Exercise brief
Include the line containing "Bulldog Christmas Tree" and every line after it up to the end of the material below; reproduce them exactly and drop the pictures.

Records to process

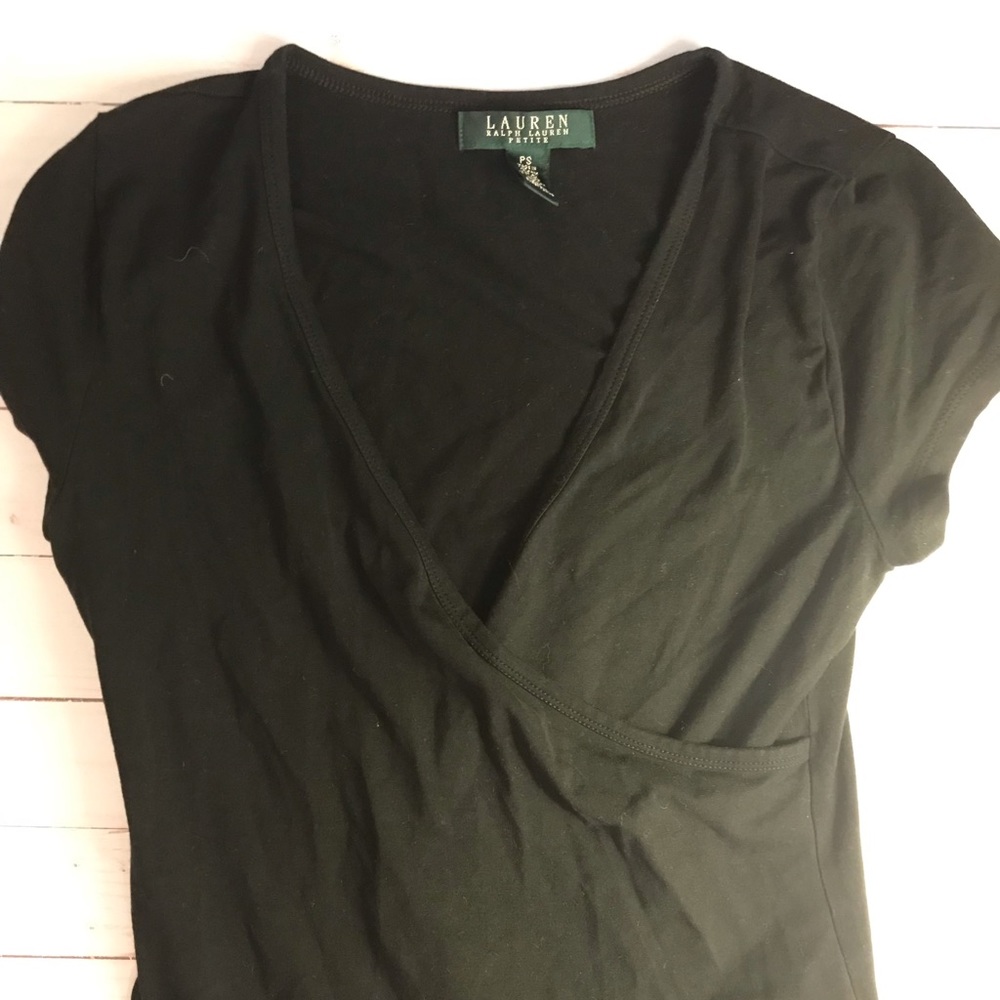 Ralph Lauren Black cotton V-neck tee shirt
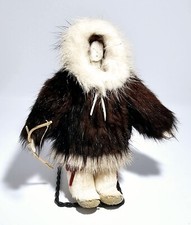 Vintage Alaskan Inuit Eskimo Doll w/ Real Fur, Bone (Caribou) Face, Mink, Beaver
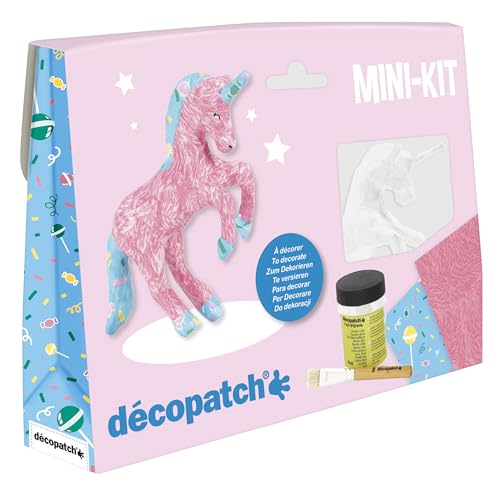 Decopatch Décopatch KIT009O Bastel Set Pappmaché Einhorn (ideal für Kinder, 3,5 x 19 x 13,5 cm) rosa, bunt von Decopatch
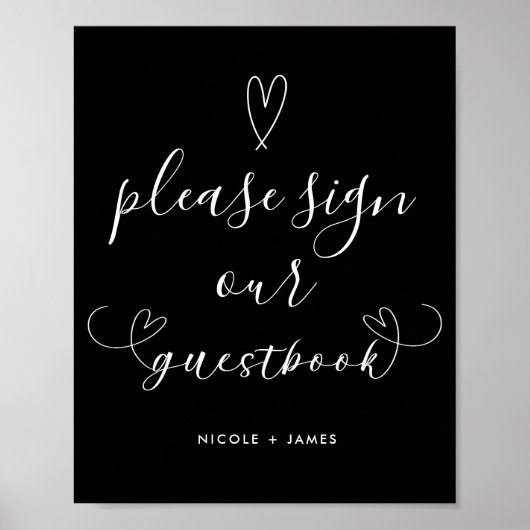 Poster Symbole moderne Coeurs noir & blanc Mariage Guestb (Devant)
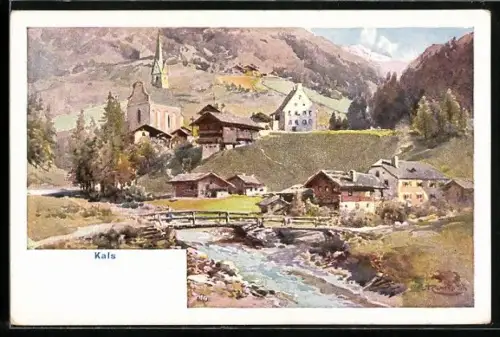 Künstler-AK Edward Theodore Compton: Kals, Teilansicht mit Brücke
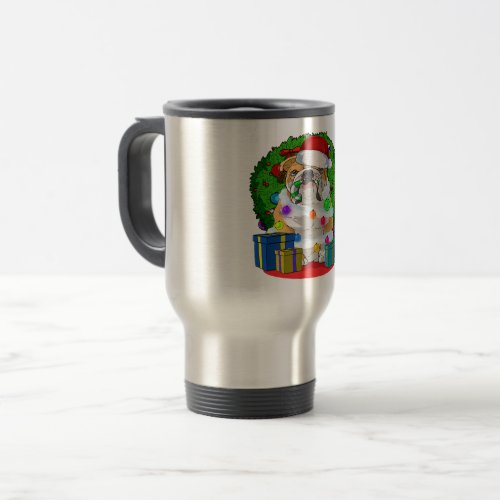 Bulldog Christmas Tree Light Xmas Santa Travel Mug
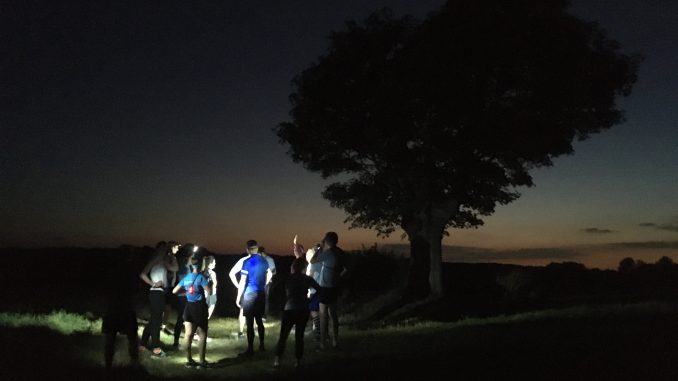 Eynsford Running Club by One tree at Lullingstone in Kent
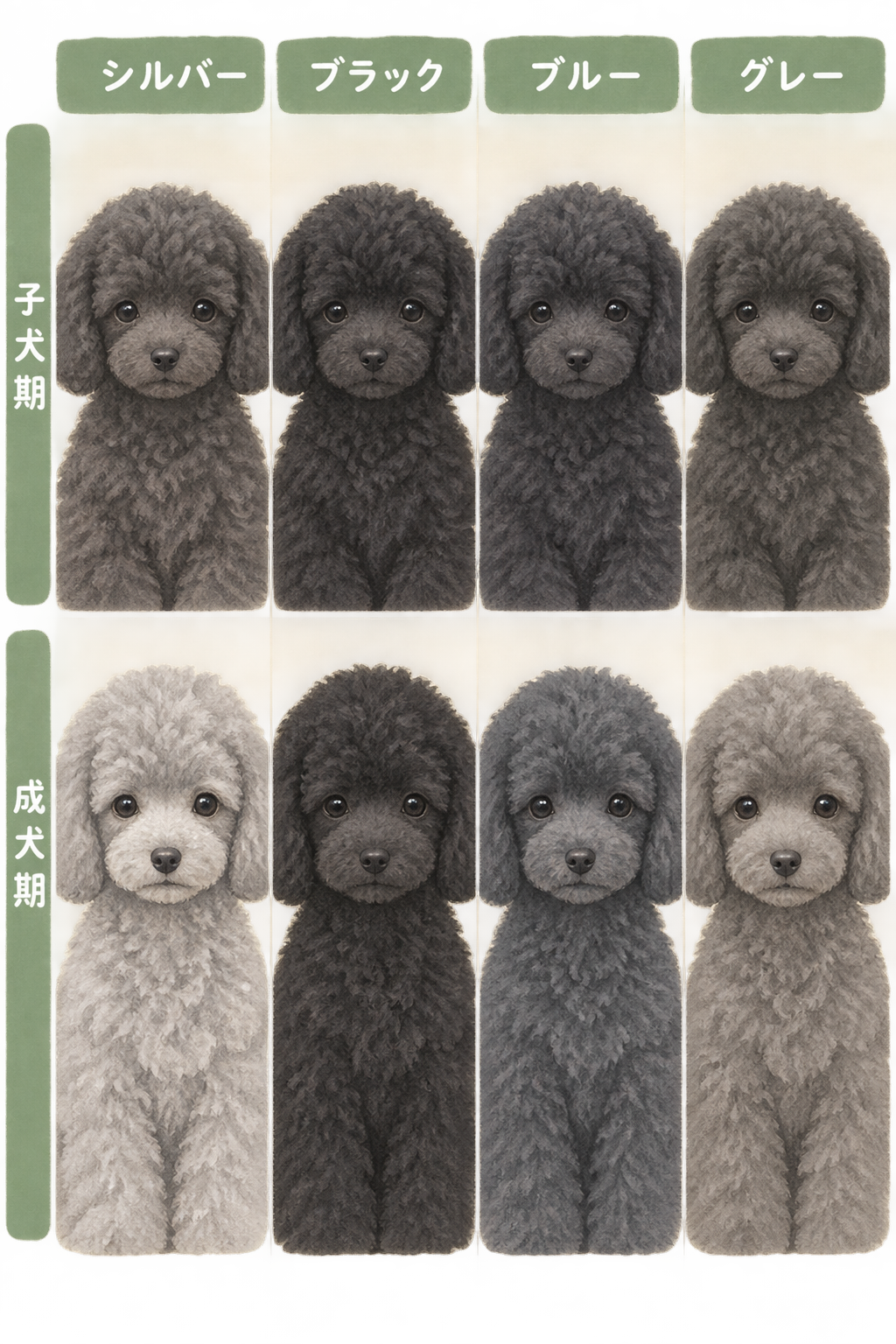 シルバー・ブラック・ブルー・グレーのトイプードルを子犬期と成犬期で並べた比較イラスト。子犬期はどれも濃い色で見分けにくく、成犬期はシルバーが最も明るくなる。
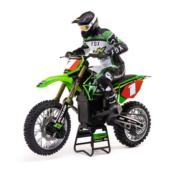 UK-1/4 Promoto-MX Motorcycle RTR Green with Battery and Charger, Pro Circuit LOSI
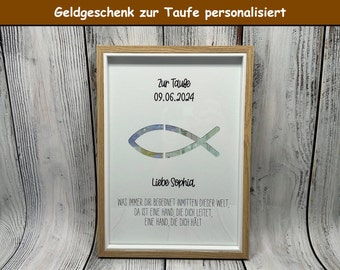 Personalized money gift with or without picture frame with fish for baptism for boys or girls as a baptism gift for godparents guests
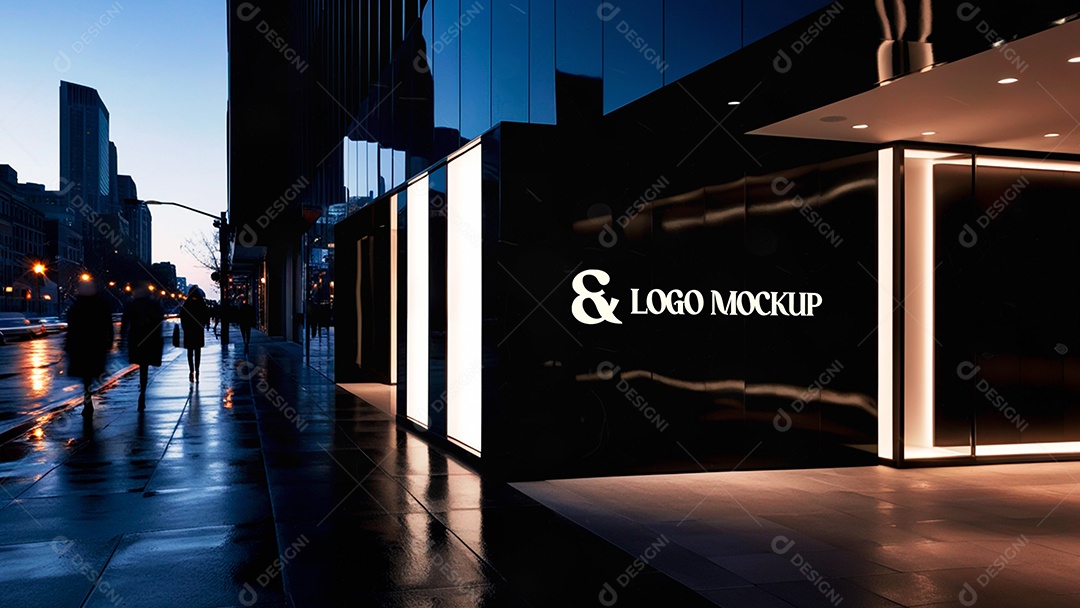 Logotipo Mockup 3D Fachada PSD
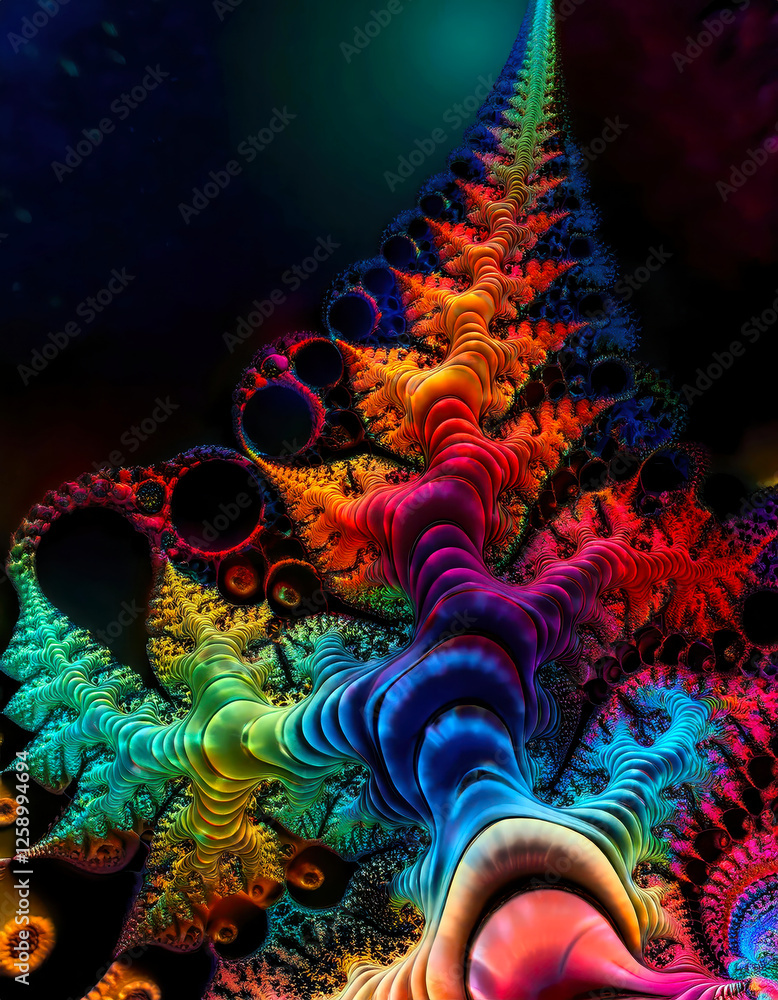 Poster Exploring the Vivid Colors and Intricate Patterns of a Complex Fractal Mandelbrot Set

Problem solution
 Bulldog Christmas Tree Light Xmas Santa Travel Mug
 Eynsford Running Club by One tree at Lullingstone in Kent
 シルバー・ブラック・ブルー・グレーのトイプードルを子犬期と成犬期で並べた比較イラスト。子犬期はどれも濃い色で見分けにくく、成犬期はシルバーが最も明るくなる。
 UK-1/4 Promoto-MX Motorcycle RTR Green with Battery and Charger, Pro Circuit LOSI
 Personalized money gift with or without picture frame with fish for baptism for boys or girls as a baptism gift for godparents guests
 Logotipo Mockup 3D Fachada PSD
 Poster Exploring the Vivid Colors and Intricate Patterns of a Complex Fractal Mandelbrot Set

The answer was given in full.